If you run a small business, “policy changes” don’t arrive as headlines. They arrive as a payroll run that’s a little higher than expected, a quote that suddenly feels too tight, or a contract you hesitate to sign because the numbers no longer leave breathing room. The end of a wage-cost advantage for older employees is exactly that kind of change: not dramatic, but real, because it touches monthly cash flow, not long-term theory.
Until now, the Netherlands had the loonkostenvoordeel (LKV): a wage-cost benefit that could reduce your labour costs when you hired certain groups, including older employees. As of 1 January 2026, the LKV for older workers (56+) has ended for employment relationships that started on or after 1 January 2024. There’s one important exception that will still matter in practice: if the employment started before 1 January 2024, the LKV can continue for up to three years.

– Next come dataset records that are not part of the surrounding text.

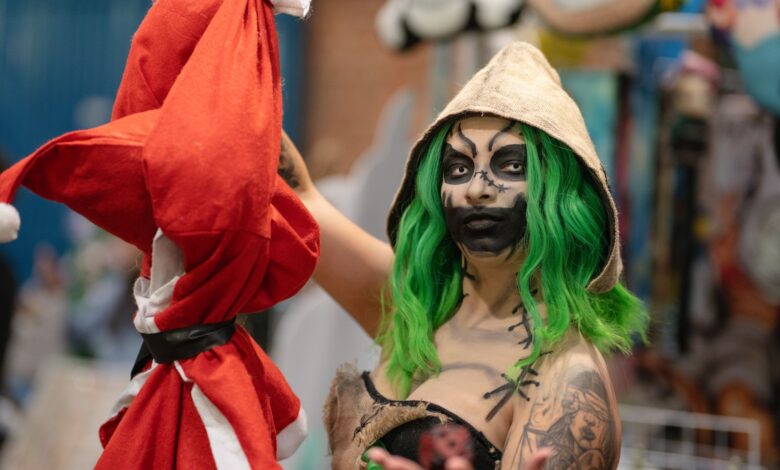 Captivating cosplay scene from an anime convention in San José, Costa Rica depicting vibrant artistry and creativity.
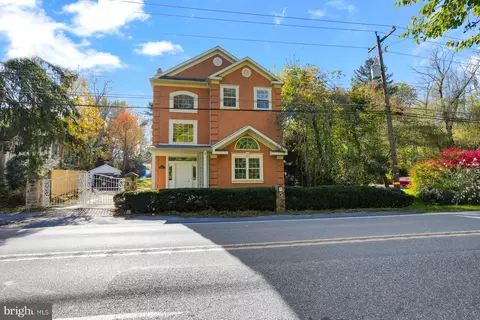 2604 E Main St, Douglassville, PA 19518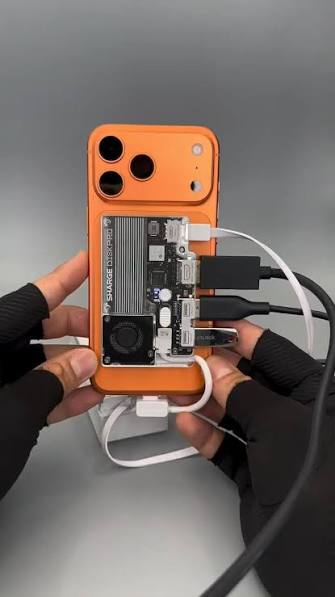 Disk Pro | 4-ports Hub丨Ice-storm Cooler丨Max 4TB丨10Gbps丨MagSafe Compatible丨HDMI 2.1丨Built-in Cable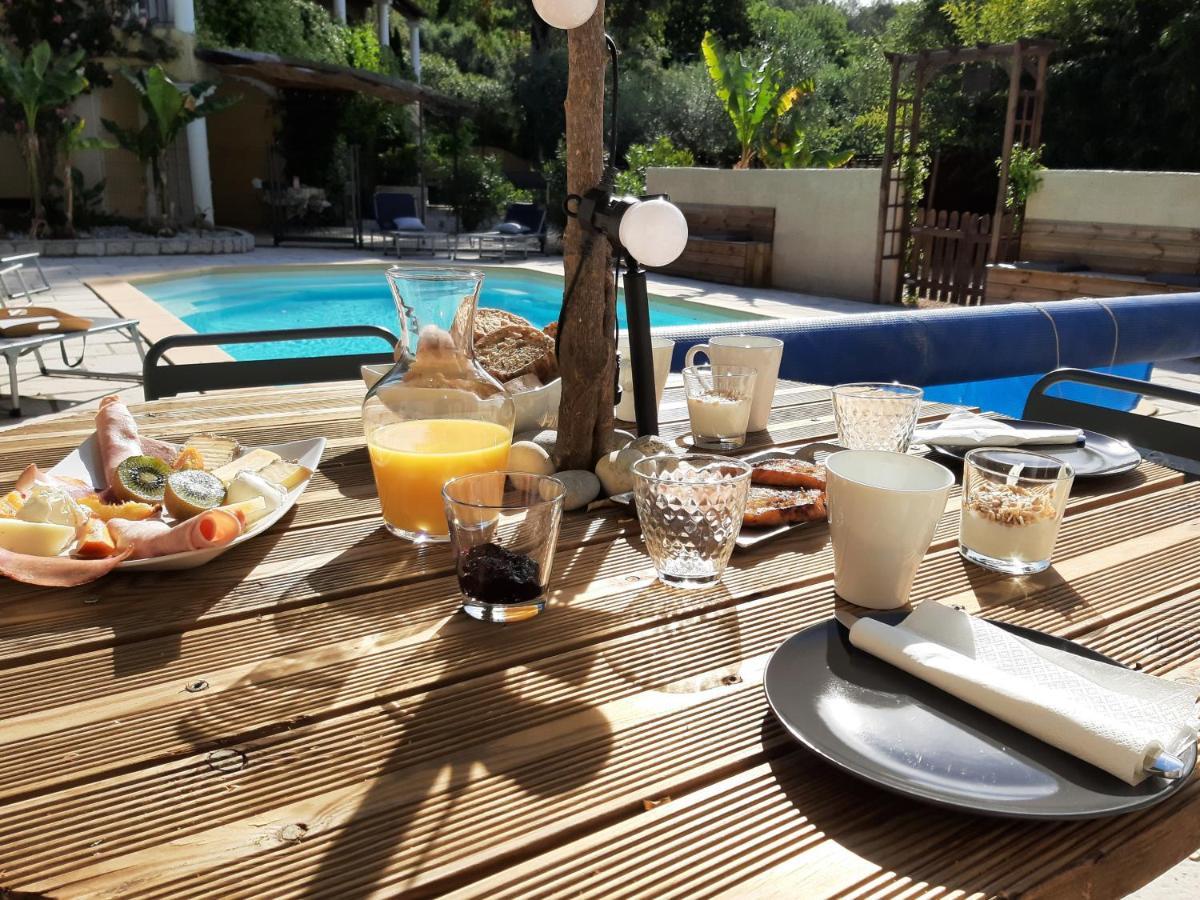 La Villa Jasmin Montauroux Exteriör bild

In all other cases, the advantage is simply gone.
In plain terms, this is not about paperwork being moved around in The Hague. It’s about the price tag of experience. If you were counting on that reduction to make an extra day of coverage affordable, or to justify a slightly higher wage for a candidate who can steady the ship, you may now be looking at a hiring decision with less margin. For micro-entrepreneurs, margin is not an abstract word, it’s the difference between paying suppliers on time and sliding into late reminders, between calm admin and constant “just one more correction” in the books.
The uncomfortable detail is that this change is happening partly because the scheme wasn’t used much and proved limited in effect. That’s not a moral judgement on small employers; it’s a reflection of reality. Many businesses don’t build subsidies into their hiring model because the rules are complex, the timelines are strict, and the benefit often arrives after you’ve already taken the risk. But if you did use it, the risk now shows up in the simplest place: your wage costs per hour, and therefore your pricing.

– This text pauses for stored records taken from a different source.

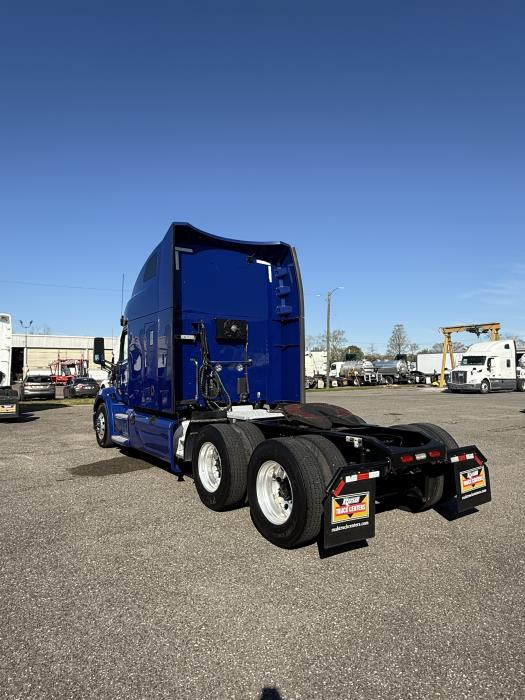 2022 Peterbilt 579-3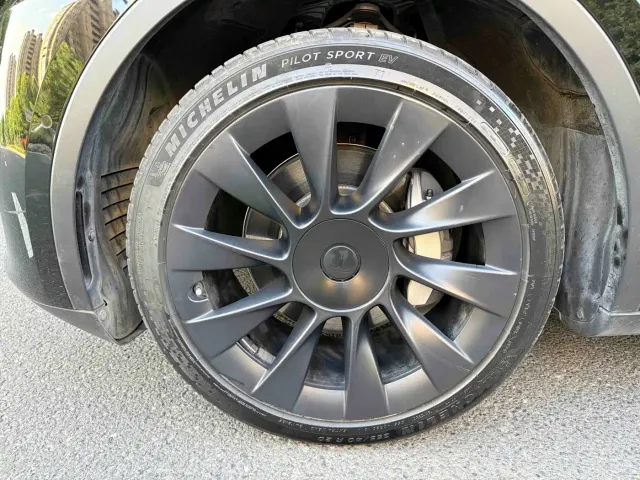 Tesla Model Y — Фото автомобиля 4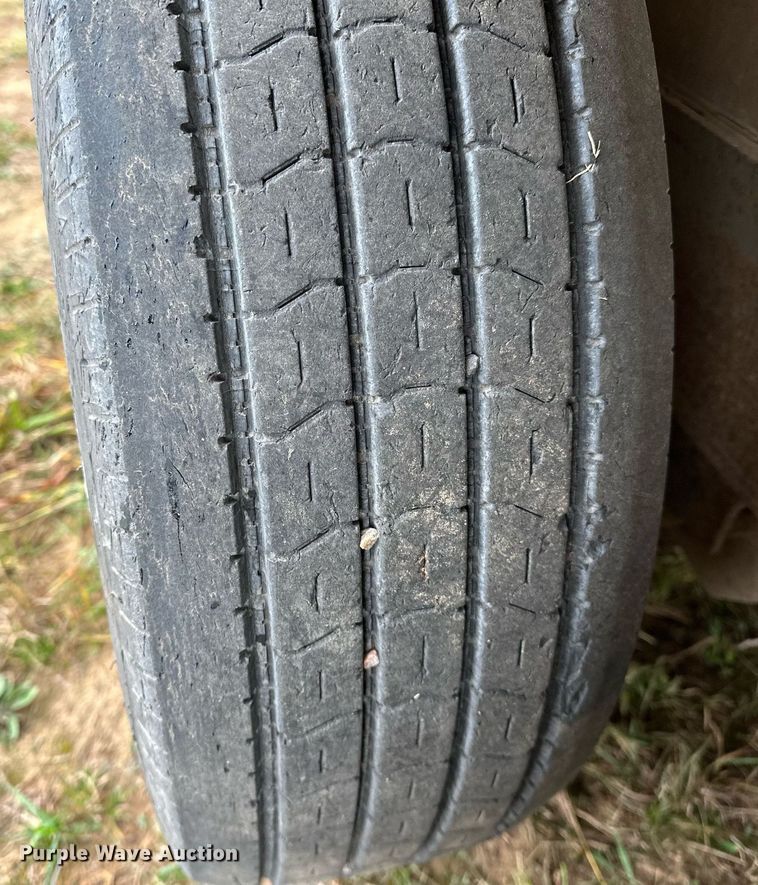 image for item NQ9490 2010 Platinum Coach  horse trailer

So what do you do, calmly, without turning your business into a compliance project? First, make sure you know which employees still fall under the “started before 1 January 2024” window, because that remaining three-year period is worth protecting with clean records and correct payroll processing. Second, when you hire or extend a contract, stop treating last year’s labour cost as your benchmark, run the numbers as they will be in 2026 and beyond. And third, if you work with long quotes or fixed-price agreements, tighten the language around wage-cost changes, so you’re not absorbing a structural cost increase in silence.

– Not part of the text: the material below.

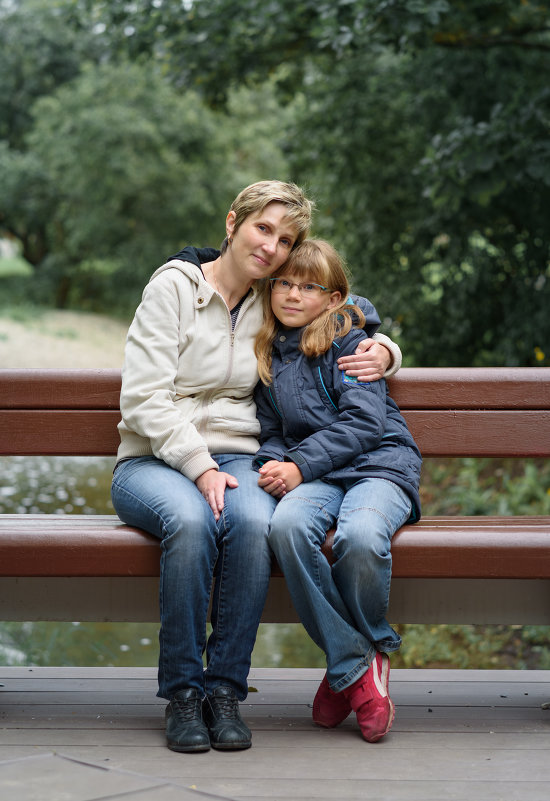 Мама с дочкой в парке на прогулке - Александр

This is a small change with a clear lesson: subsidies can help, but they are not a foundation. A steadier foundation is modest, boring discipline, knowing your true cost per hour, keeping contracts readable and firm, and leaving a little room in your pricing for reality to move. If you do that, the end of the LKV is not a crisis. It’s a nudge to run your business on numbers you control, not on advantages that can disappear overnight.